# WHAT IS EXPECTED
In the listing that follows, give every line again exactly and omit the pictures.

# SUPPLIED MATERIAL
---

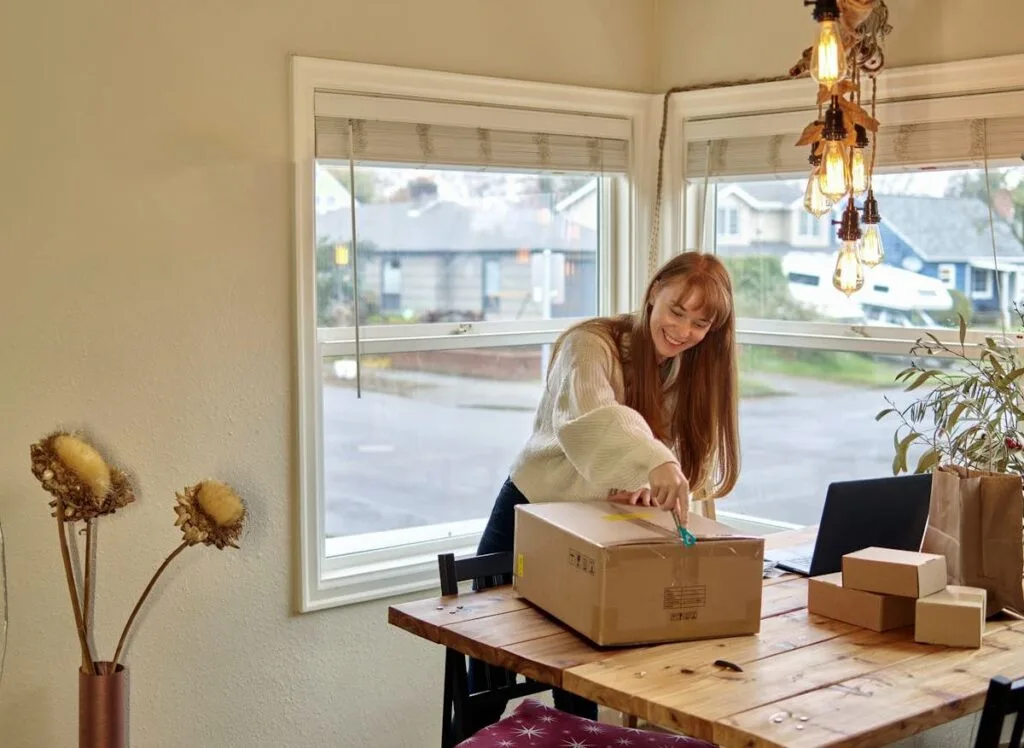 Packaging business - Photo by ArtHouse Studio on Pexels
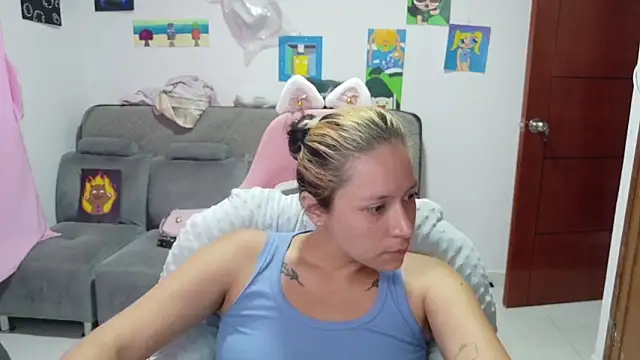 MommyMiaWs online show from 04.07.26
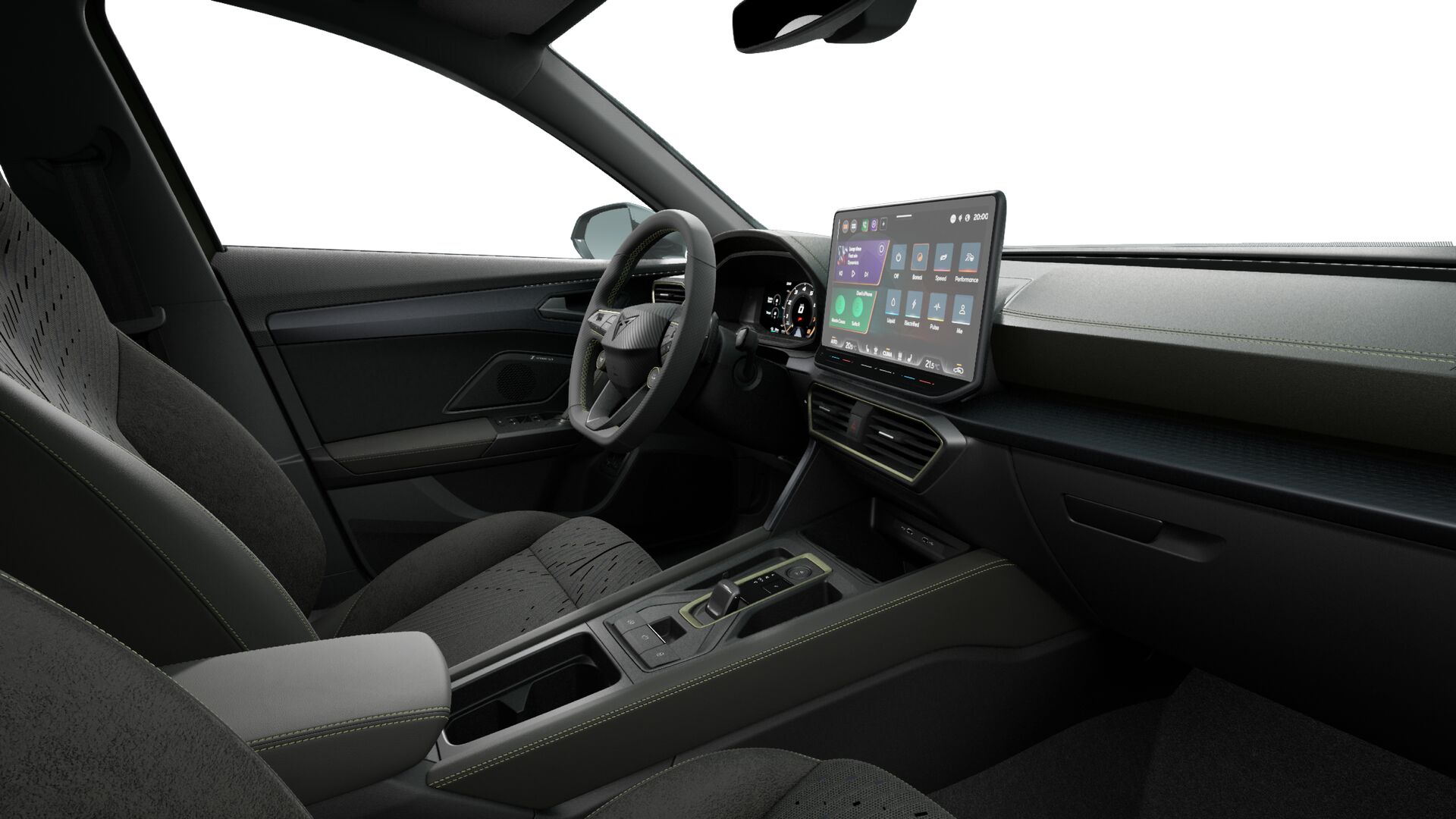 CUPRA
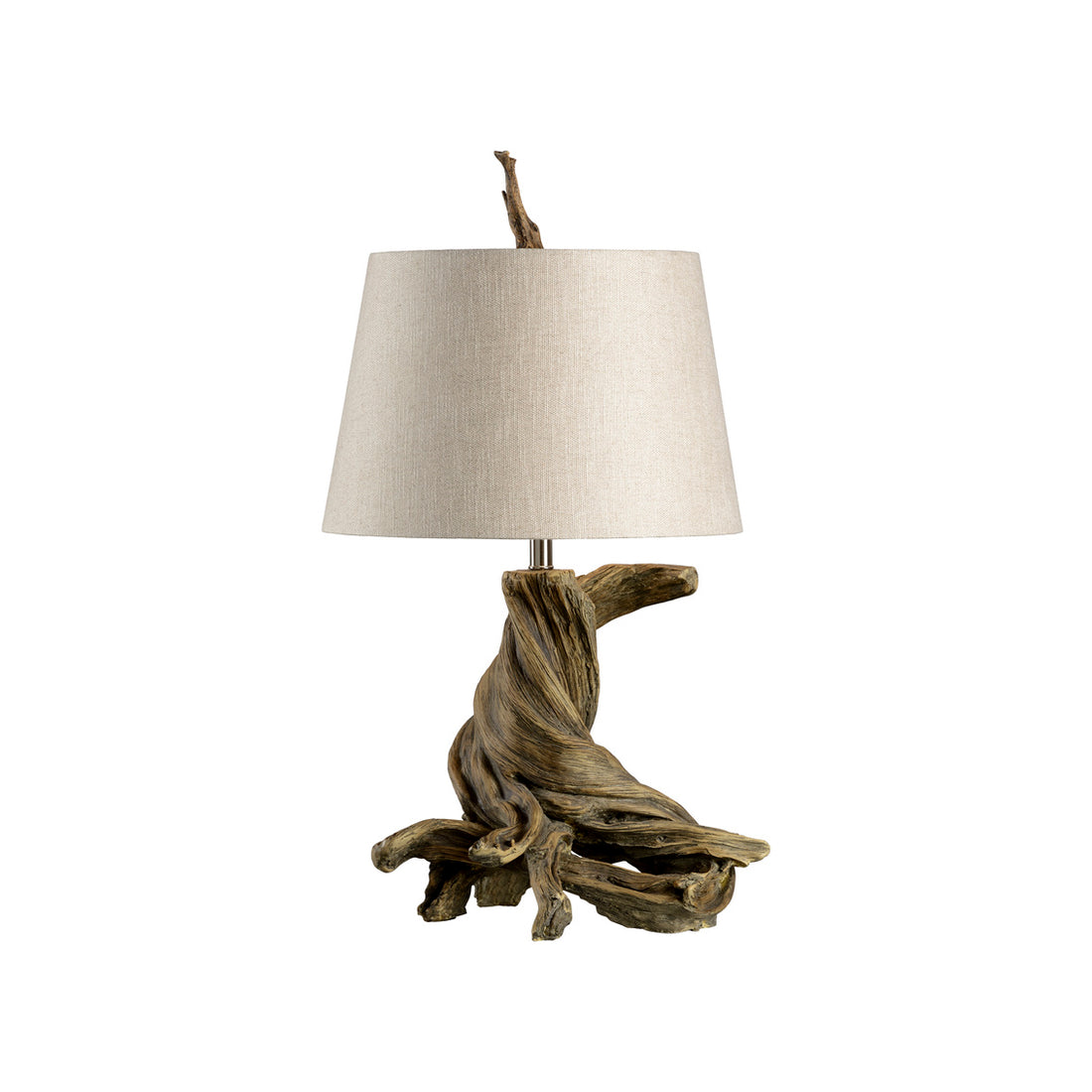 Olmsted Lamp - Natural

---

# ANSWER FOR THE TASK
 Packaging business - Photo by ArtHouse Studio on Pexels
 MommyMiaWs online show from 04.07.26
 CUPRA
 Olmsted Lamp - Natural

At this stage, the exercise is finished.